Inspired by the pirate broadcast signal intrusions of the '80s and '90s, Gentry's film imagines a deep well of evil and violence behind what was largely a showcase for misanthropic hackers with too much time on their hands. By positing a scenario in which this particular brand of civil disobedience – breaking into TV broadcasts with eerie, cryptic messages – leads to an actual malevolent mastermind, Gentry taps into a rich history of similar conspiratorial cinema, but still seems to fizzle out in the end.
Shum's James is a man mourning the loss of his wife, who'd disappeared a few years before the events of the film unfold. Coping by burying himself in a job that practically necessitates isolation, James leaves himself largely closed off to the outside world, but open to focus a tremendous amount of time and energy to this mystery that has him rapt.

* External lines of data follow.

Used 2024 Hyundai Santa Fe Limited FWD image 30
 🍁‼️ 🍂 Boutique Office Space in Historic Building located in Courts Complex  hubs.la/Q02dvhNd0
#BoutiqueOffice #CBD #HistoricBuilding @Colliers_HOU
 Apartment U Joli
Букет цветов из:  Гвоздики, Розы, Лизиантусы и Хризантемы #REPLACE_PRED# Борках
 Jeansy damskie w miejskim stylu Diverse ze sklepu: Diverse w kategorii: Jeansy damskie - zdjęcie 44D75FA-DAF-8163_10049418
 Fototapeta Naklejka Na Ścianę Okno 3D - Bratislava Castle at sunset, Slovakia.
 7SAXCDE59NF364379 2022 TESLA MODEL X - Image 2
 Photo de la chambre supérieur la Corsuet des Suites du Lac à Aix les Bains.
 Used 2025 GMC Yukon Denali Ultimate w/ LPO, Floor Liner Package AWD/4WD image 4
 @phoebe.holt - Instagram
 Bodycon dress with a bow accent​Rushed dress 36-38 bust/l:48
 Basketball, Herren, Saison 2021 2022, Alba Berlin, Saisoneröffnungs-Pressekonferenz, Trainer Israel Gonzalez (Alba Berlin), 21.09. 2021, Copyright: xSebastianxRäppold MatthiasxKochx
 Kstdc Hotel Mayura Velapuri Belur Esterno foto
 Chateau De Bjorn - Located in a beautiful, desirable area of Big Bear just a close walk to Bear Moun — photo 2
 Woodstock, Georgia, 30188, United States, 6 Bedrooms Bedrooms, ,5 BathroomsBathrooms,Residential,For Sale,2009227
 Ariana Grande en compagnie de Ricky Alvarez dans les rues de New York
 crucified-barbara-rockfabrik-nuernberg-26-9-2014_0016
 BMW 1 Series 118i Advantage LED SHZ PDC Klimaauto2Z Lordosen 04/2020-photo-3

Curiosity quickly turns to mania, which rapidly turns into a full blown obsession, especially when he begins to connect these pirate broadcasts to a series of missing women, laying bare his own open wounds regarding his missing and presumed dead wife.
Broadcast Signal Intrusion indulges in a very particular brand of late '90s introvert nostalgia. Most of James's research comes from primitive capital-I Internet bulletin boards, (BBS), a kind of safe space for social outcasts who found comfort in anonymously connecting with other outcasts of similar ilk. This leads him from one early internet sleuth to another, each of grungier than the last, in search of answers. One such comrade is a manic-pixie-hackergirl named Alice (Kelly Mack), who leads him even further down the rabbit hole – get it, Alice... – before abandoning him.
Overtly reminiscent of films like Brian de Palma's Blow Out, Antonioni's Blow Up, and especially Paul Schrader's Hardcore and Joel Schumacher's 8MM, Broadcast Signal Intrusion highlights director Gentry's obvious obsession with technology as a corrupting tool. Most famously, perhaps, embodied by his 2007 film, The Signal, in which a mysterious broadcast signal turns ordinary people into murderous beasts. In this case, technology isn't the direct evil, just the vessel that transmits the hidden villain's intentions to unsuspecting collateral victims without them realizing what's even happened.
From one seedy hacker den to another, Broadcast Signal Intrusion follows a well-trodden path for conspiratorial thrillers. Dim lighting, unkempt, unsociable borderline troglodytes, and walls plastered with photographs connected by thumb tacked-string populate the vast majority of the film, while an increasingly frenzied James alienates the few friends he's made along the way in the hunt for his truth.
However, it's not the sameness of the film that is it's ultimate undoing, it's the banality of the conclusion that lets it down. With all of the complex and convoluted plotting and ever-more sinister hinting toward a kind of criminal mastermind behind the intrusions, the ending falls a bit flat with a bit of a pedestrian anti-climax that betrays a ton of pretty cool buildup in an effort to wrap up quickly what could've been a really interesting story. Rather than a face-off worthy of the search, the finale is more of a shoulder shrug that is just O.K., which kind of bummed me out.
Broadcast Signal Intrusion has a lot going for it. An obviously committed performance from its lead, a solid layer of grit and crime across both its story and production design, and a largely compelling plot serve the film well right up until the final reel. It's just a shame that Gentry couldn't quite stick the landing, otherwise the film is definitely solid.